(Source records)

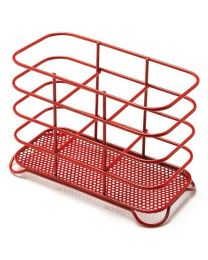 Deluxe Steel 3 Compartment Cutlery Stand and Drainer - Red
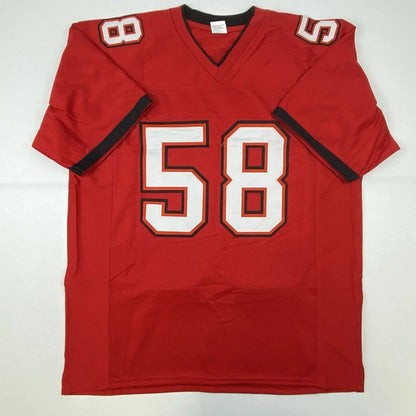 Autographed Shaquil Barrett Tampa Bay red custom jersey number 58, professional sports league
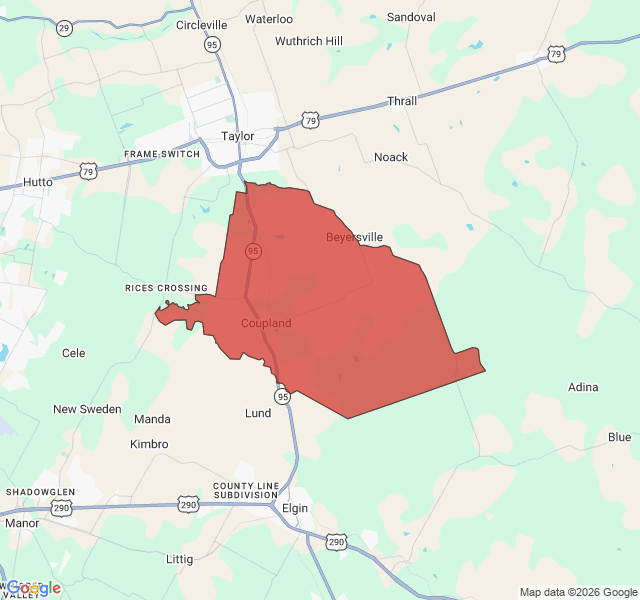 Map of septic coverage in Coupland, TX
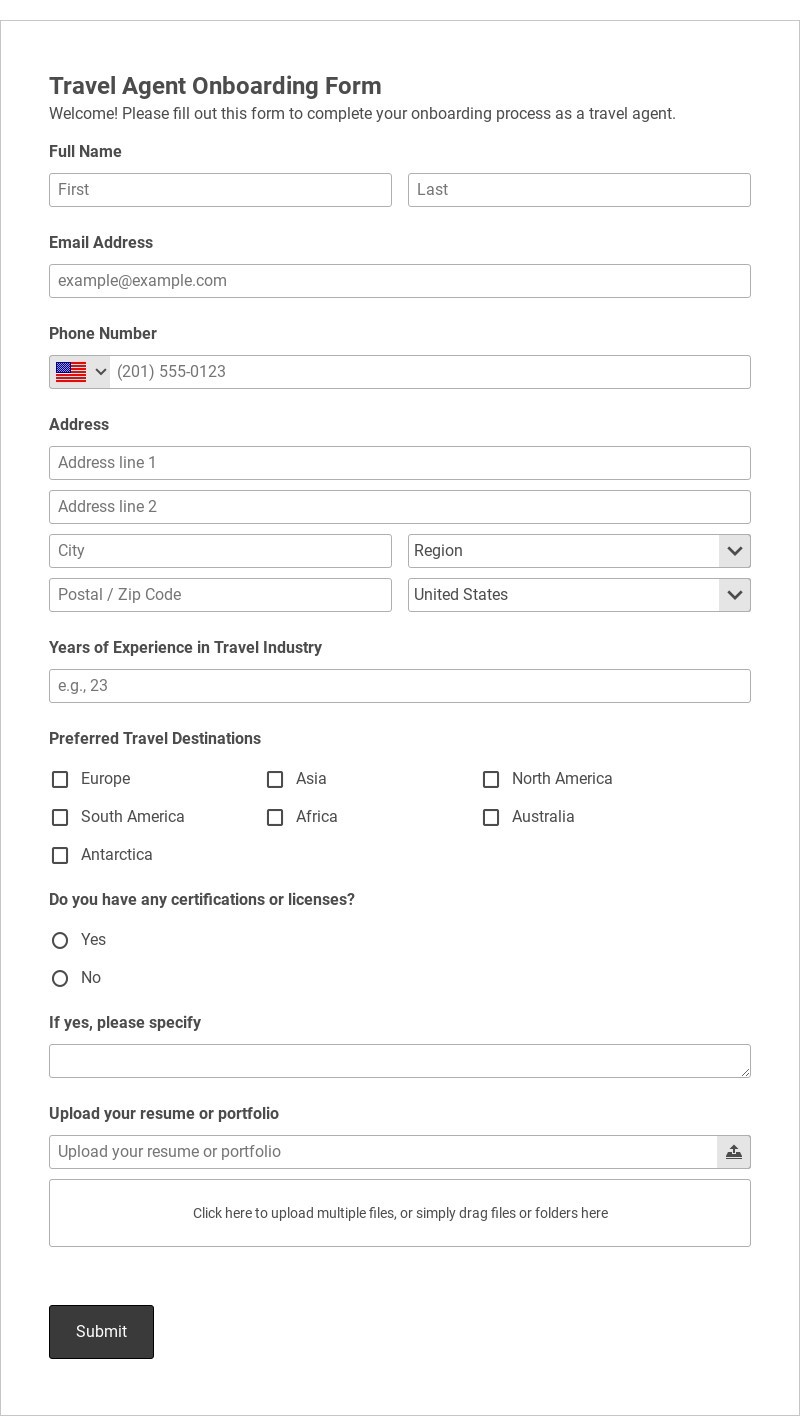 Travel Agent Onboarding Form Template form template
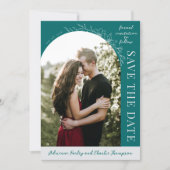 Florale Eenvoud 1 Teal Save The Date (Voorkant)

• **WHAT NEEDS TO BE DONE**
Print every record exactly without the images.

• **YOUR SOLUTION**
 Deluxe Steel 3 Compartment Cutlery Stand and Drainer - Red
 Autographed Shaquil Barrett Tampa Bay red custom jersey number 58, professional sports league
 Map of septic coverage in Coupland, TX
 Travel Agent Onboarding Form Template form template
 Florale Eenvoud 1 Teal Save The Date (Voorkant)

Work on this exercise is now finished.